### EXTRACTED ENTRIES
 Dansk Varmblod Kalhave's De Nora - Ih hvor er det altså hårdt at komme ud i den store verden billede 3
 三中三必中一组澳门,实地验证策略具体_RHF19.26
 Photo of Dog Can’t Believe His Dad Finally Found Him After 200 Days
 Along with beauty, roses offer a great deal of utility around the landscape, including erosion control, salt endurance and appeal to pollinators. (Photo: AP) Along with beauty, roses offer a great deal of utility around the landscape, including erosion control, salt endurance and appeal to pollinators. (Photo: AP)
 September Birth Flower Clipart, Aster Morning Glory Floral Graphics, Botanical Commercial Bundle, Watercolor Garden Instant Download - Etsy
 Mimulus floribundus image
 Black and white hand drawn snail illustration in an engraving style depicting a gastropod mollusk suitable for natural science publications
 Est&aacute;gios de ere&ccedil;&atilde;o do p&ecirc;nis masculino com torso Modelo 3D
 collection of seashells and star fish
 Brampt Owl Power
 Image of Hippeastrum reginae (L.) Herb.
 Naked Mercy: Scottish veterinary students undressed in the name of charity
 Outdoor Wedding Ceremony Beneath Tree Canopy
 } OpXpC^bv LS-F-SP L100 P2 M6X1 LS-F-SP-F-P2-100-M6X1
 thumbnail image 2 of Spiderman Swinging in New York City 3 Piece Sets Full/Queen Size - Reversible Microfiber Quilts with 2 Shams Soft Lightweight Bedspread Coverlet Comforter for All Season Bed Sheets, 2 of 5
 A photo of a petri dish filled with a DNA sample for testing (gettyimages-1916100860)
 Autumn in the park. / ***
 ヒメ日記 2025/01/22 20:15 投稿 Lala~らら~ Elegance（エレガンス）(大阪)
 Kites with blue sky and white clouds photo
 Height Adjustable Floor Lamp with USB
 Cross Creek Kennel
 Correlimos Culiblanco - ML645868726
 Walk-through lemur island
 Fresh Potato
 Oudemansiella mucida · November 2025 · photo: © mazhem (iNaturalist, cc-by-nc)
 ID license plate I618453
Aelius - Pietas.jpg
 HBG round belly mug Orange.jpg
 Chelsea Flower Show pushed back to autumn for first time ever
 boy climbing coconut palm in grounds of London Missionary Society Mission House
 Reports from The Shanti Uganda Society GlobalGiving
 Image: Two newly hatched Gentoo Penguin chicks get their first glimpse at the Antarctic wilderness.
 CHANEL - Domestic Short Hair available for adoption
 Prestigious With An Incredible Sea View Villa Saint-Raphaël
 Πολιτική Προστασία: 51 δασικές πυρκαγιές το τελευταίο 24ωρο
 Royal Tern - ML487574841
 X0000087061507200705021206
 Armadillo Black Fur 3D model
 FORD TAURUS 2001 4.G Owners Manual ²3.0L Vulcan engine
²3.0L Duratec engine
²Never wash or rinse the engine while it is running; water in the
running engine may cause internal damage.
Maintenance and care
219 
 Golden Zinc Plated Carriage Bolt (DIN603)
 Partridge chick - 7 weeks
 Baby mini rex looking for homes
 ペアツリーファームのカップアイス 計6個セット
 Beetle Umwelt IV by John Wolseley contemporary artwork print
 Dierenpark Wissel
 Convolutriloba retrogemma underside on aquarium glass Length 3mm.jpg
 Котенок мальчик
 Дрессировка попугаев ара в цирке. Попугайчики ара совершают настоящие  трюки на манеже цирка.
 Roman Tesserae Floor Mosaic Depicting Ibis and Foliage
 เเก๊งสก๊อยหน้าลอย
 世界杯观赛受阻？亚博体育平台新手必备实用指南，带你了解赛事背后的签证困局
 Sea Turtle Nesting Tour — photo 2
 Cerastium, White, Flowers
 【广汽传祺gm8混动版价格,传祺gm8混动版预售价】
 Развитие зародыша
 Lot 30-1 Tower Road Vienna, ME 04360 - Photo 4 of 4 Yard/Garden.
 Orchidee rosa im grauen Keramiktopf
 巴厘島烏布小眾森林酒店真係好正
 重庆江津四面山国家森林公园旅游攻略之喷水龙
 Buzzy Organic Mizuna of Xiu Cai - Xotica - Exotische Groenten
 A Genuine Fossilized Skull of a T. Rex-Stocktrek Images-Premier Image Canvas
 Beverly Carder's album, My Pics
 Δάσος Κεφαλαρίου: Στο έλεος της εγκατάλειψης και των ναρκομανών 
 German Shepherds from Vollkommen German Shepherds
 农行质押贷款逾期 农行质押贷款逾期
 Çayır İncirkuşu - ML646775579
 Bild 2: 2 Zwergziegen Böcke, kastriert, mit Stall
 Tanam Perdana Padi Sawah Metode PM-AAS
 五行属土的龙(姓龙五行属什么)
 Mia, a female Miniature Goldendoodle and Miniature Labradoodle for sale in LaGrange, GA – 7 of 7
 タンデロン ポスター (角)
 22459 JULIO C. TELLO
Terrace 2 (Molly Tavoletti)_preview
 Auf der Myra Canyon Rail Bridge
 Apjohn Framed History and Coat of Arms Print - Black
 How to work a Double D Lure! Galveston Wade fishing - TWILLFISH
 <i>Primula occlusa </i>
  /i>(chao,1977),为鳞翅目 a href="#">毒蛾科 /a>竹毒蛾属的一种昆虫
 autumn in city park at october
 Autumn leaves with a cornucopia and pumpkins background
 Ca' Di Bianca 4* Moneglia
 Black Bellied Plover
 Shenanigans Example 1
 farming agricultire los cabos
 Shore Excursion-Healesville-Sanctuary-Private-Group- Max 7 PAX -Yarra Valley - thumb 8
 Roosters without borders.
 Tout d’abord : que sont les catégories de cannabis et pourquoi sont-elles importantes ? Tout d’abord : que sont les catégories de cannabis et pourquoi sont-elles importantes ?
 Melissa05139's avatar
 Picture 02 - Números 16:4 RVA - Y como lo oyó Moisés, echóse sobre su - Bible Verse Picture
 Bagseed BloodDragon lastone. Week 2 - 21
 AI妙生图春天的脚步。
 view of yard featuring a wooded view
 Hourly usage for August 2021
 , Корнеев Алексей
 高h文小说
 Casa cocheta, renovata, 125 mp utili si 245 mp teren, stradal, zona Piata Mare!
######
Exact duplication is required for the lines above, from the line that contains "HBG round belly mug Orange.jpg" to the line that contains "A Genuine Fossilized", inclusive; omit all others.

 HBG round belly mug Orange.jpg
 Chelsea Flower Show pushed back to autumn for first time ever
 boy climbing coconut palm in grounds of London Missionary Society Mission House
 Reports from The Shanti Uganda Society GlobalGiving
 Image: Two newly hatched Gentoo Penguin chicks get their first glimpse at the Antarctic wilderness.
 CHANEL - Domestic Short Hair available for adoption
 Prestigious With An Incredible Sea View Villa Saint-Raphaël
 Πολιτική Προστασία: 51 δασικές πυρκαγιές το τελευταίο 24ωρο
 Royal Tern - ML487574841
 X0000087061507200705021206
 Armadillo Black Fur 3D model
 FORD TAURUS 2001 4.G Owners Manual ²3.0L Vulcan engine
²3.0L Duratec engine
²Never wash or rinse the engine while it is running; water in the
running engine may cause internal damage.
Maintenance and care
219 
 Golden Zinc Plated Carriage Bolt (DIN603)
 Partridge chick - 7 weeks
 Baby mini rex looking for homes
 ペアツリーファームのカップアイス 計6個セット
 Beetle Umwelt IV by John Wolseley contemporary artwork print
 Dierenpark Wissel
 Convolutriloba retrogemma underside on aquarium glass Length 3mm.jpg
 Котенок мальчик
 Дрессировка попугаев ара в цирке. Попугайчики ара совершают настоящие  трюки на манеже цирка.
 Roman Tesserae Floor Mosaic Depicting Ibis and Foliage
 เเก๊งสก๊อยหน้าลอย
 世界杯观赛受阻？亚博体育平台新手必备实用指南，带你了解赛事背后的签证困局
 Sea Turtle Nesting Tour — photo 2
 Cerastium, White, Flowers
 【广汽传祺gm8混动版价格,传祺gm8混动版预售价】
 Развитие зародыша
 Lot 30-1 Tower Road Vienna, ME 04360 - Photo 4 of 4 Yard/Garden.
 Orchidee rosa im grauen Keramiktopf
 巴厘島烏布小眾森林酒店真係好正
 重庆江津四面山国家森林公园旅游攻略之喷水龙
 Buzzy Organic Mizuna of Xiu Cai - Xotica - Exotische Groenten
 A Genuine Fossilized Skull of a T. Rex-Stocktrek Images-Premier Image Canvas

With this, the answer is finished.